Il dio della televisione

Non mi piace unirmi al coro celebrativo alla morte delle persone: il rischio di fare un manierato epitaffio è sempre dietro l’angolo della comoda e stucchevole memoria elogiativa. “Fäls cmé ‘na lapida” si dice in dialetto parmigiano. Mi sento però quasi in dovere di fare un’eccezione per Sergio Zavoli, tentando scrupolosamente di evitare il rischio.

I media, come al solito, sono saltati addosso all’evento (che non vuol dire seguirlo e farlo seguire): stanno involontariamente tradendo la sua preziosa eredità giornalistica e televisiva. Quanta nostalgia per Sergio Zavoli, il quale durante l’alluvione di Firenze aprì la finestra e fece vedere e sentire l’acqua dell’Arno che scorreva per le vie del centro: l’approccio disincantato ma rispettoso ai fatti per valutarne umanamente la portata.

Il mio indimenticabile insegnante di italiano lo definiva “il dio della televisione”: in effetti fu l’inventore del giornalismo televisivo, riuscendo a coniugare la proposizione dell’immagine con il diritto di cronaca, aggiungendo all’obiettività dell’immagine l’eco del resoconto giornalistico in un mix coinvolgente e stimolante.

Davanti al giornalismo televisivo, così sbracato e così vuoto, spesso mi chiedo: ma dov’è il cuore? E, senza cuore, pensiamo di essere liberi di pensare, giudicare, decidere. Riteniamo di essere intelligenti. Un tempo si diceva, dal punto di vista fisico, che il cuore era il padrone di casa. Oggi si preferisce affermarlo del cervello. Se pensiamo alla miglior vita materiale, è giusto. Ma se badiamo all’esistenza totale dobbiamo tornare al cuore, non al muscolo che sovrintende alla circolazione del sangue, ma alla sede della coscienza in cui siamo interpellati da Dio e dagli uomini. Non avevo mai pensato che si potesse vedere col cuore! Invece Zavoli era capace di vedere e raccontare col cuore buttandolo oltre l’ostacolo dell’obiettività e della razionalità.
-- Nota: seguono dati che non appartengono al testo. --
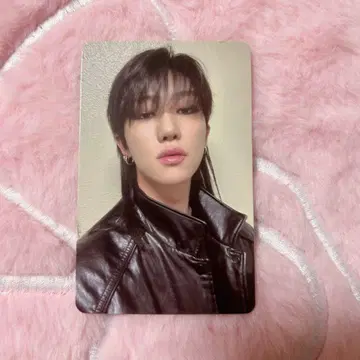 SEVENTEEN the8 fml KMS 럭키 드로우 3.0 중화 중국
I suoi colleghi di oggi, anziché tesserne gli elogi, sarebbe meglio che si facessero un bell’esame di coscienza, che ripassassero la lezione e imparassero finalmente che è inutile raccontare le immagini, ma bisogna andare oltre per esprimere il loro impatto e commentare il loro messaggio. In questo senso è molto più facile fare giornalismo sulla carta stampata o alla radio dove il protagonista è il cronista: in televisione protagonista è l’immagine e il cronista deve essere capace di lasciarla lavorare in pace e di coglierne l’effetto vitale, usandola come un grimaldello per sviscerare la realtà che vi sta dietro.

I giornalisti televisivi sono preoccupati di non essere spiazzati dall’immagine e allora tendono a metterla in secondo piano rispetto al loro logorroico commento: no, non ci siamo e Sergio Zavoli lo ha dimostrato sul campo. Penso di fare cosa a lui gradita ricordandolo come giornalista più che come dirigente Rai e come politico. Era capace di aprire la finestra sui fatti per coglierne l’essenza, come fece appunto in occasione dell’alluvione di Firenze. E Dio sa quante alluvioni ci siano e quante finestre si dovrebbero aprire. E lui infatti era il dio della televisione.